Die Schulden und der Niedergang Amerikas

MAILAND: Die Italiener und die übrigen Europäer haben selbst ernste Probleme, ihre öffentlichen und privaten Schulden in Angriff zu nehmen; insofern mag es vermessen erscheinen, wenn ein Europäer Amerikas gravierendes und weiter wachsendes Schuldenproblem diskutiert. Doch ähneln sich die fiskalischen Gegebenheiten beiderseits des Atlantiks heute sehr, und nur das nachhallende Vertrauen in das Versprechen Amerikas erhält die Erwartungen mancher Europäer am Leben, dass irgendein grandioser amerikanischer coup de théâtrediedüstere Schuldenlage des Landes beheben wird.
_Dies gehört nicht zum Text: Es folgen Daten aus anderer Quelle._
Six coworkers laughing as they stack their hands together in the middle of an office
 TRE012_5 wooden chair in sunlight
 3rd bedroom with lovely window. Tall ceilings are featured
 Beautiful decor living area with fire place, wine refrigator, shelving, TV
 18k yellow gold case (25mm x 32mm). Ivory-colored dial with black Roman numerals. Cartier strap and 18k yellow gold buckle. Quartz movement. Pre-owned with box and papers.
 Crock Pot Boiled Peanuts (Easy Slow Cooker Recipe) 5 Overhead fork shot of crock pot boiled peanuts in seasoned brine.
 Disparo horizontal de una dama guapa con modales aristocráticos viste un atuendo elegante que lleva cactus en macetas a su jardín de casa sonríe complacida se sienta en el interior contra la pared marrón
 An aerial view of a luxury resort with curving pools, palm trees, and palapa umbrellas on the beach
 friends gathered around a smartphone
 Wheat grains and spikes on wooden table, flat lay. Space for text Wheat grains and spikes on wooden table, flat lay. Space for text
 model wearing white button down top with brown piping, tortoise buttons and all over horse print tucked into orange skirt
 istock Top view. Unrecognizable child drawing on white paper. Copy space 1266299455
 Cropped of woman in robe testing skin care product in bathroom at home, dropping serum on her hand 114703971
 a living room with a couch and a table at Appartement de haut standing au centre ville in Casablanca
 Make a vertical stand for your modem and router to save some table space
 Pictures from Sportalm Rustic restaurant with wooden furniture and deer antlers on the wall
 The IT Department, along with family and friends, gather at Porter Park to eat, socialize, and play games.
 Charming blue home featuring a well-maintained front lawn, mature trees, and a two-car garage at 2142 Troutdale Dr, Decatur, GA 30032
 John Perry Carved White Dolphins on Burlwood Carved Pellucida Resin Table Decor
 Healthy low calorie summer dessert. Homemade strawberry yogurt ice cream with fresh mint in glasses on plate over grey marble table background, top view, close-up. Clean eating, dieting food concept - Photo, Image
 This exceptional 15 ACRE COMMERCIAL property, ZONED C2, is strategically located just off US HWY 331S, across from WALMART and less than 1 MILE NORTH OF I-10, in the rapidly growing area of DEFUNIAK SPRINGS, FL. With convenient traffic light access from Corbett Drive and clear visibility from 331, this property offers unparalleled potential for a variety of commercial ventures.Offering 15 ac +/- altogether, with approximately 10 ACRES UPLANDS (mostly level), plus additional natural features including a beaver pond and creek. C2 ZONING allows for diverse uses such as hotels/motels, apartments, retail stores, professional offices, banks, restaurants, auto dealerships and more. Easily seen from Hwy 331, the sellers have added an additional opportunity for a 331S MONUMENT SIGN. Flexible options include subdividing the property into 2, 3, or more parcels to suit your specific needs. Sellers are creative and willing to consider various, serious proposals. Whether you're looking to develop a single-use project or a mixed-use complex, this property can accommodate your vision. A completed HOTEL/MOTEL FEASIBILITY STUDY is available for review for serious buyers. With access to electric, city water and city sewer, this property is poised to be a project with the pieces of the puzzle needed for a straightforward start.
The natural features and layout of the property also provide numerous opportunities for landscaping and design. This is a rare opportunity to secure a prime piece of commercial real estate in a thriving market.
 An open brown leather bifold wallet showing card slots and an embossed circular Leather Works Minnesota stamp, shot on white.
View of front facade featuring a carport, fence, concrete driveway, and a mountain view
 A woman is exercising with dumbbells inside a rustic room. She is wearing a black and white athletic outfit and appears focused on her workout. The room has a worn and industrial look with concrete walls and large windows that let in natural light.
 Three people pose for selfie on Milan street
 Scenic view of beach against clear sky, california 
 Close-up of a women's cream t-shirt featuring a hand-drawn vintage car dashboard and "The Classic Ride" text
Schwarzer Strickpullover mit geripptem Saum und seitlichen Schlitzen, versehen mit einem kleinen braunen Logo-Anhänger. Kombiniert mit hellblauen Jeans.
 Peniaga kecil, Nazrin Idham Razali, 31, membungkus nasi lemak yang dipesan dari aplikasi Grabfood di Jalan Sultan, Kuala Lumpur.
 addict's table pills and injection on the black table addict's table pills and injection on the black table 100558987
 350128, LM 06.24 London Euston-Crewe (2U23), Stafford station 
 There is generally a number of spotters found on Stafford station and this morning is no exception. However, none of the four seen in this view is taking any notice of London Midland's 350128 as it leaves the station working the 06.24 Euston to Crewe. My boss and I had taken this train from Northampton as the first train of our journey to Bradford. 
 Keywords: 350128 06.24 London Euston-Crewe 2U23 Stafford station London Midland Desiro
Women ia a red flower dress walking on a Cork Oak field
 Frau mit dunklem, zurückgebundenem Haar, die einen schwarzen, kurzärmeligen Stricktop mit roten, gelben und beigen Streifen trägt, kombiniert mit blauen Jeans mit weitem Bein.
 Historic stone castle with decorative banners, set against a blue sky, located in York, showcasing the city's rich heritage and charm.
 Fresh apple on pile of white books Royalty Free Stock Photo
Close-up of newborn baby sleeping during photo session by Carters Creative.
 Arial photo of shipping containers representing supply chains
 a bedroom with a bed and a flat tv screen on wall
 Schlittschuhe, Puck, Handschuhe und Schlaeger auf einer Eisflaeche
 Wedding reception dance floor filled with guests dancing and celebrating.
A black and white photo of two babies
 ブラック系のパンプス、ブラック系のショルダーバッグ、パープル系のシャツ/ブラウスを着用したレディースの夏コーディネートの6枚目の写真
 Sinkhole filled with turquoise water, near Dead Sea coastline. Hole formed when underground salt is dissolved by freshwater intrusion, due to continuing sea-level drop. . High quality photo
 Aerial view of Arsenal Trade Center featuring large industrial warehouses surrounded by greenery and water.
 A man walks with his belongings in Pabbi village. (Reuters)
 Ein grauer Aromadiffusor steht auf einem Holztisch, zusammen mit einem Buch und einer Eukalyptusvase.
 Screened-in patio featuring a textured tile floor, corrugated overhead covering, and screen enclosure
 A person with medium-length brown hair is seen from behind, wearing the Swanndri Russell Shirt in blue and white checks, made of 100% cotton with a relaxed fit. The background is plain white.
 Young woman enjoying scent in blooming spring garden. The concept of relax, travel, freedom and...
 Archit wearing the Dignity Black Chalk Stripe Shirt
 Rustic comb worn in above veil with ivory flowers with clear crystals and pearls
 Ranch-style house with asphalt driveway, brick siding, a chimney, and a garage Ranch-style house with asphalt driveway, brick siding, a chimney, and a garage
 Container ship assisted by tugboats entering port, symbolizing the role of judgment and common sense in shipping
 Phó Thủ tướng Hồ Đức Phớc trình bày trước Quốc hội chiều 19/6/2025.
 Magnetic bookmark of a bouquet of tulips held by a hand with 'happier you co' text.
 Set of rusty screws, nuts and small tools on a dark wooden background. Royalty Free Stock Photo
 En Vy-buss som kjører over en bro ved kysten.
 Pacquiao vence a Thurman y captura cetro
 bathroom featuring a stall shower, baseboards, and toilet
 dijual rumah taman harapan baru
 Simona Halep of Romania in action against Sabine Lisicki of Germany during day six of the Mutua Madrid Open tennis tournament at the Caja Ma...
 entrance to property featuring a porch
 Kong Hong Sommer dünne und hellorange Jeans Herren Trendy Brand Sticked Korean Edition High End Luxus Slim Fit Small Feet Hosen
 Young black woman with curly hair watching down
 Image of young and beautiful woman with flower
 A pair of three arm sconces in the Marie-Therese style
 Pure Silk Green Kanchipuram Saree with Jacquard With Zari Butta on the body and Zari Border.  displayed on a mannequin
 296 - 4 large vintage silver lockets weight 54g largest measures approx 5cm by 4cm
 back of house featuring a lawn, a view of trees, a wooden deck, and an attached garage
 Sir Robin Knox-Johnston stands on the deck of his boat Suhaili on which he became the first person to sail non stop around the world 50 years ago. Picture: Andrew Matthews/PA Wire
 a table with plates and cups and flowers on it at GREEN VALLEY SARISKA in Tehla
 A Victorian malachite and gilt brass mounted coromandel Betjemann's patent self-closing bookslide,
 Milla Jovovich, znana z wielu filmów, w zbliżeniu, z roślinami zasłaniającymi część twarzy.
Natürlich ist vielen Amerikanern das Ausmaß der Schulden bewusst, die auf ihrem Land lasten. Admiral Mike Mullen, Vorsitzender des Generalstabes und damit Amerikas ranghöchster Militär, erklärte kürzlich: „Die größte Gefahr für Amerikas Sicherheit geht von der Staatsschuld aus.“ Vier von zehn Amerikanern stimmen ihm zu; weniger als drei von zehn halten den Terrorismus oder den Iran für gefährlicher.

Amerikas Großmachtstatus war immer an das Maß seiner Staatsschuld geknüpft. Tatsächlich war es das Fehlen von Schulden, das zwischen 1914 und 1917 den Aufstieg der USA zur Weltmacht markierte. Die Vereinigten Staaten entwickelten sich von einem Land, das mit drei Milliarden Dollar verschuldet war (überwiegend gegenüber Großbritannien), zum Nettogläubiger in etwa selber Höhe – dank etwa sechs Milliarden Dollar an Kriegskrediten, die sie den Westalliierten gaben. Weitere drei Milliarden Dollar an Wiederaufbaukrediten zementierten nach dem Krieg Amerikas Status als führende Gläubigernation der Welt; das Land wies damals einen Überschuss von rund 8% vom BIP auf.